(Data below)
━━━━━━━━━━━━━━━━

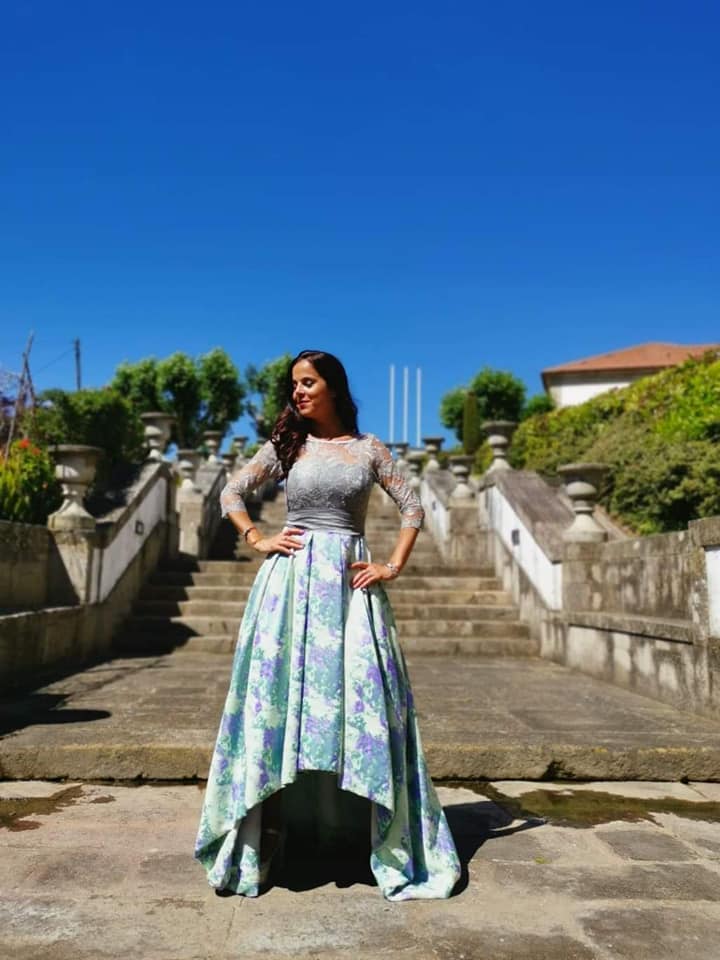 Vestido Mizuky Mulher a usar vestido de cerimónia com parte superior em renda cinza e saia floral assimétrica, em ambiente exterior com escadaria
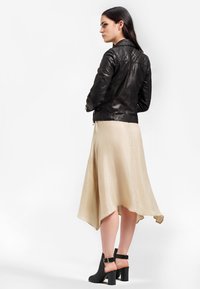 Veste en cuir noir de biker avec des détails matelassés, associée à une jupe midi beige fluide et des bottines noires à talons avec un dos ouvert.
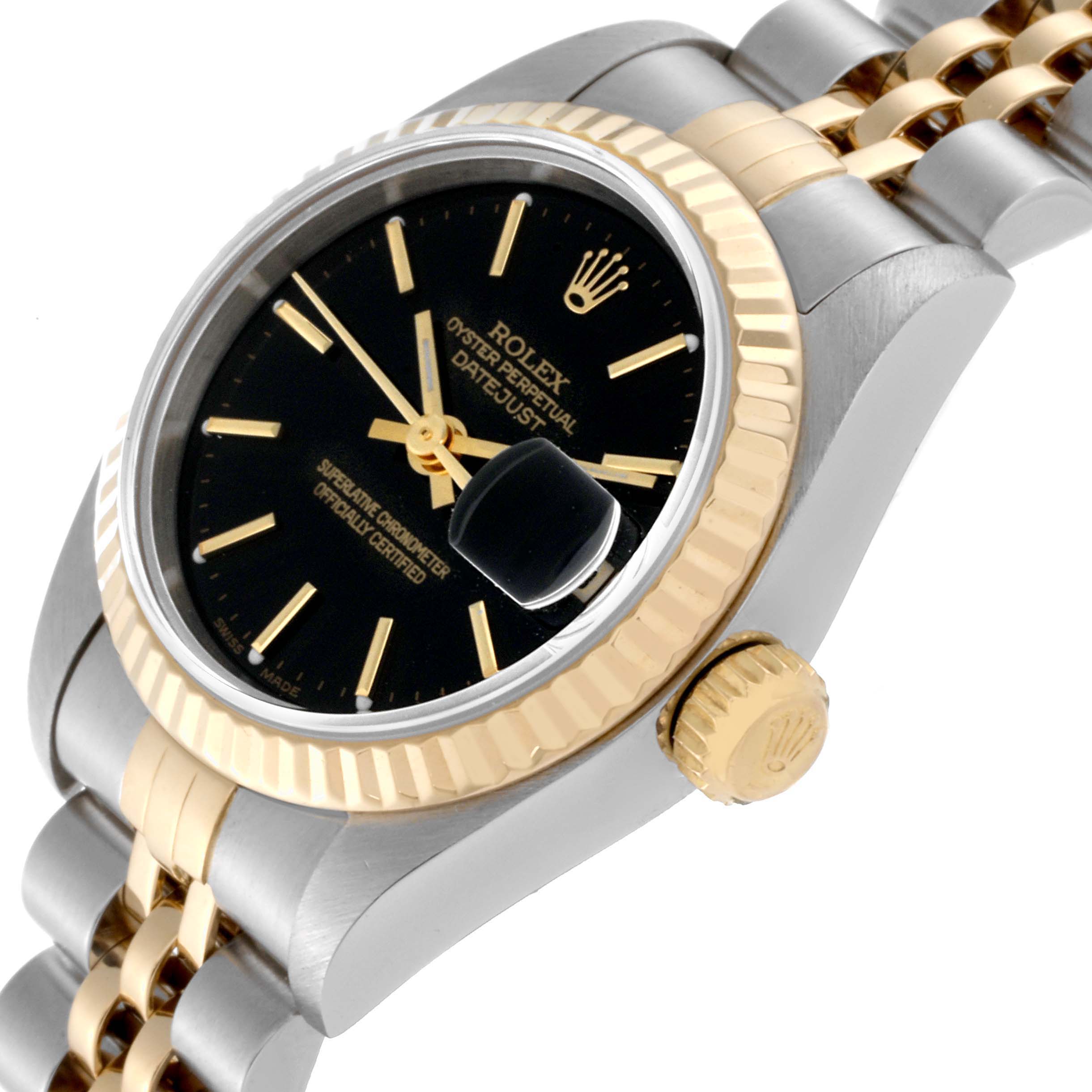 This image shows a Rolex Datejust 79173 Women's Steel and Gold (two tone) Black Dial 79173 Women's Steel and Gold (two tone) Black Dial watch at a slight angle, highlighting its dial, bezel, crown, and part of the bracelet.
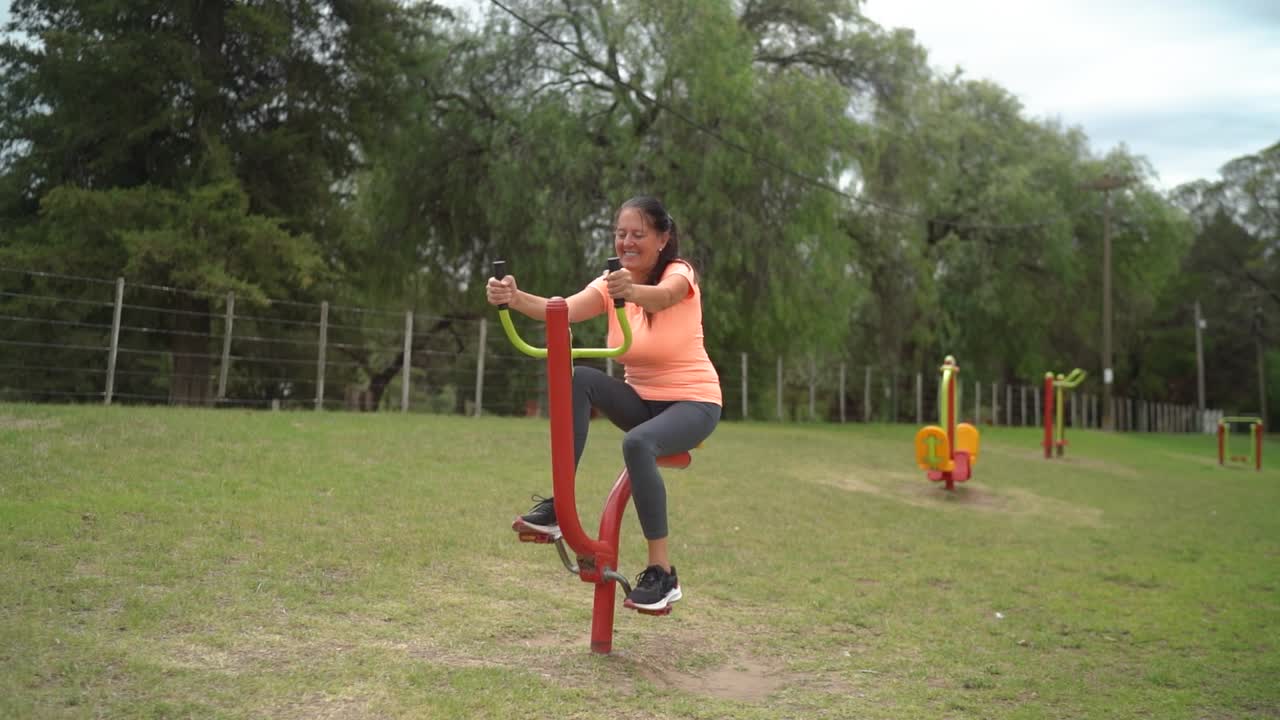 la mujer está utilizando un equipo de ejercicio de pedal en el parque - toma amplia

━━━━━━━━━━━━━━━━

(Work request) Retype all of the material above precisely as it reads. Pictures are not part of the copy.

(Result for this exercise)
 Vestido Mizuky Mulher a usar vestido de cerimónia com parte superior em renda cinza e saia floral assimétrica, em ambiente exterior com escadaria
 Veste en cuir noir de biker avec des détails matelassés, associée à une jupe midi beige fluide et des bottines noires à talons avec un dos ouvert.
 This image shows a Rolex Datejust 79173 Women's Steel and Gold (two tone) Black Dial 79173 Women's Steel and Gold (two tone) Black Dial watch at a slight angle, highlighting its dial, bezel, crown, and part of the bracelet.
 la mujer está utilizando un equipo de ejercicio de pedal en el parque - toma amplia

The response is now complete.